You are most likely hitting this issue: https://connect.microsoft.com/SQLServer/feedback/details/187192/

If this is indeed the case, the ROLLBACK isn't actually doing anything, it is just hung and will only clear by either killing the surrogate host or restarting SQL Server (which will cause any surrogates to be recycled, although that depends on a DCOM timeout and may not actually happen- the DCOM system tries to keep them around for reuse).

It is not clear at this time if this is a SQL Server or Oracle OLEDB Driver issue (although I am more inclined to think the latter because of the sheer amount of reports about Oracle).
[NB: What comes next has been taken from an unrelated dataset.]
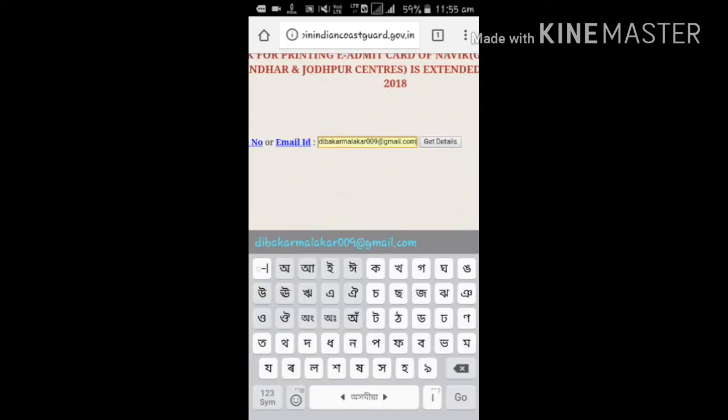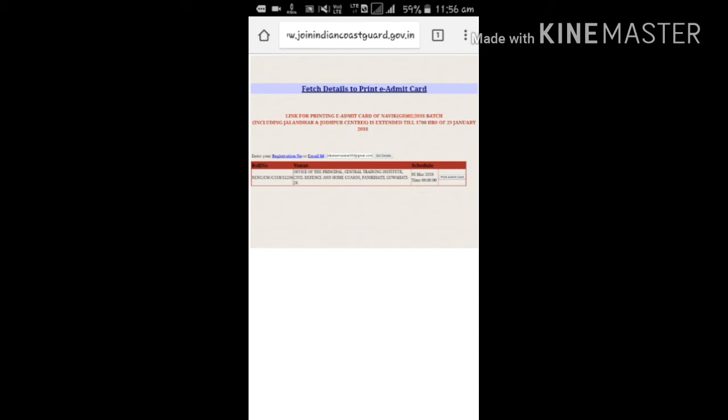This is an admission card that is available to us on January 29. I will be able to submit my email address, get the required details, and use the print admit card option.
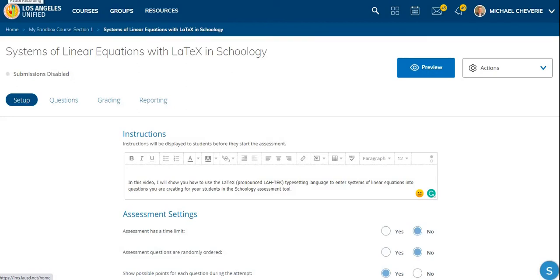In this video, I will show you how to write a system of linear equations and place that system into the Schoology Assessment Tool by using LaTeX. I guess that's spelled L-A-T-E-X, but one acceptable pronunciation of that is LaTeX.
If your OLEDB Driver is not allowed InProcess:

enter image description here

it will run in a dllhost surrogate as you show, in which case you can kill it- SQL Server will gracefully rollback any uncommitted transactions and restart the OLEDB Driver when a new query tries to access it. If however it is allowed to run InProcess, the OLEDB Driver DLL gets loaded by the SQL Server executable in its own address space and becomes impossible to kill (without killing the SQL Server which no sane person would do). Running InProcess is risky no less because a bug in the OLEDB Driver can mess up SQL Server causing it to crash or even worse- cause silent data corruption that can go unnoticed for a long time causing much damage to data (I had suffered that). Considering the performance of today's hardware and the efficiency of today OS's inter-process communication, running out of process has negligible performance penalty and provides critical safety.